Cook’s eyes have the mischievous gleam of a young child and she punctuates almost every statement with a soft, genuine laugh.
“I ran away to sea at the age of six in a tugboat in the harbour,” she says. “They found me drinking coffee and eating doughnuts with the tugboat captain.”
Perhaps that was an indication of things to come. Sonny married George Cook, who was in the navy, and spent many years living by the ocean or on the water itself.
Out of her wallet, she pulls a worn photo of a sailboat. It’s the one she built with George when they lived in Nova Scotia. The pair ran a company chartering the boat in that province and the Bahamas for 10 years.
“When he [George] came out of the navy, he was threatening to go to the West Coast and my mom found him this house … near Bancroft,” she says. George passed away nearly three decades ago, but Sonny still lives in the Bancroft area. She divides her time between places on Stoney Lake, Bancroft and Florida.

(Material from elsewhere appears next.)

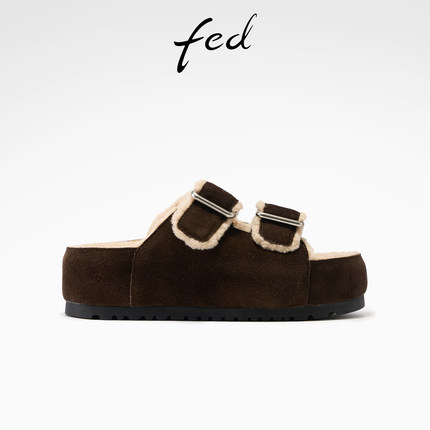 fed勃肯拖鞋冬季新款女鞋厚底毛毛拖黑色加绒棉拖女款S1022-ZC291
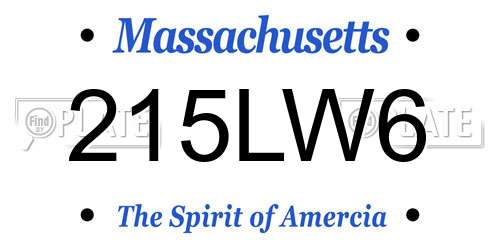 215LW6 Massachusetts License Plate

While the couple lived in Nova Scotia, Sonny took a watercolour course, which she loved, but didn’t do art again until she came to the college. She seems to be making up for lost time.
From stone carving to colour theory to expressive arts, Cook has tried her hand at most things and counts several esteemed artists among her mentors and friends including Harold Klunder, Peter Kolisnyk, John McKinnon and John Leonard.
Lately, she has been focusing on the turtle in her work with an alabaster piece nearing completion and several paintings over the years.
She recalls the first time the notion came to her: “I was walking up to my cabin north of Bancroft. And these words came in my head: ‘old mama turtle coming to lay her eggs.’” Those words stuck with her as the turtle emerged as a theme in her work, though her art is quite diverse.
“I’m criticized for not having a body of work,” she says as she shuffles through her greeting card collection, each sheet different in styles from pointillist to abstract expressionist to impressionist.
And then she laughs that punctuating laugh. “I just paint how I feel.”